28 Temmuz 2021 01:00

Tepkimizi göstermeye devam edeceğiz

Farklı yönelimleri "sapkın" olarak nitelendiren ve arkadaşlarımızın haklarını insan haklarından ayırarak direnişi baltalamaya çalışan herkese karşı tepkimizi göstermeye devam edeceğiz.

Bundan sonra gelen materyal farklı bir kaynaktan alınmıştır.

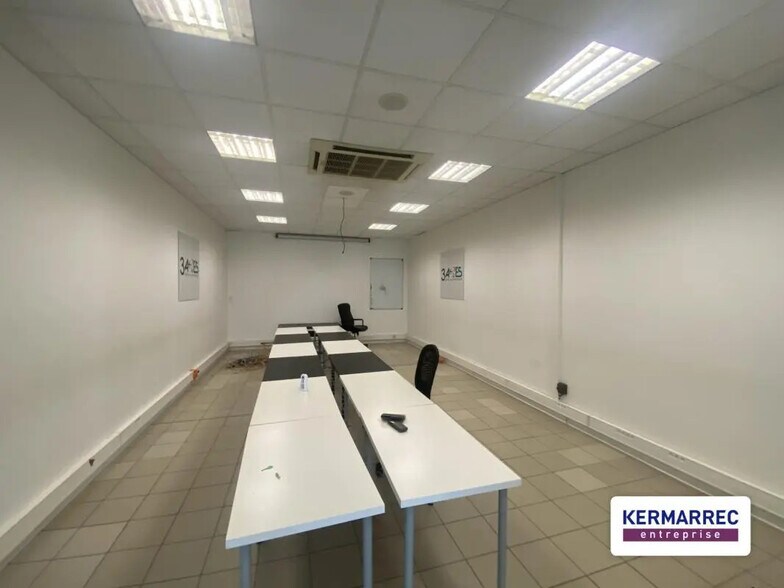 Flex in Cesson-Sévigné for lease - Building Photo - Image 3 of 8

Fotoğraf: Eylem Nazlıer/Evrensel

Paylaş

Yaren BÜYÜKDOĞANAY

İstanbul Üniversitesi

Boğaziçi Üniversitesi öğrencilerinin demokratik haklarına ve seçim özgürlüklerine vurulan bir darbe idi Melih Bulu'nun atanması. 2 Ocak 2021 tarihinde Cumhurbaşkanlığı Kararnamesi ile Türkiye'nin en prestijli üniversitelerinden birinin başına geçirildi Melih Bulu. Bu noktada eski AKP Milletvekili adayı olması da kendisinin eğitimci kişiliği veya kariyer başarısından ziyade koltuğuna hangi "nitelikleri" göz önünde bulundurularak oturtulduğunun bir nevi ispatı idi. Ama Bulu, öğrenciler ve haklı mücadelelerinde yanlarında olan binlerce insan tarafından kabul görmedi. Mehmet Özkan'dan sonra Boğaziçi Üniversitesine seçilmeden, talimat ile atanan ikinci rektör idi kendisi. İradeleri yok sayılan öğrenciler yaşadıkları topraklara ihanet etme ile suçlandılar, darp edilerek gözaltına alındılar, rızaları haricinde çıplak aramaya zorlandılar ancak intihal suçu dahi bulunan kayyum Rektör Bulu, bir sonraki talimatını alana dek koltuğundan ayrılmadı. Bana kalırsa, Naci İnci’nin vekaleten rektörlük görevine getirilmesi de bir çeşit gözdağı verilmek istendiğinin kanıtıdır. “Henüz kazanılmış bir zaferiniz yok” mesajı verilmeye çalışıldığı, kendisinin icraatlarından anlaşılmaktadır. Öyle ki, sevk edildiği koltuğuna geçer geçmez öğrencilerin ve akademisyenlerin protestolarını fotoğraflayan Can Candan'ın derslerine son vermiştir.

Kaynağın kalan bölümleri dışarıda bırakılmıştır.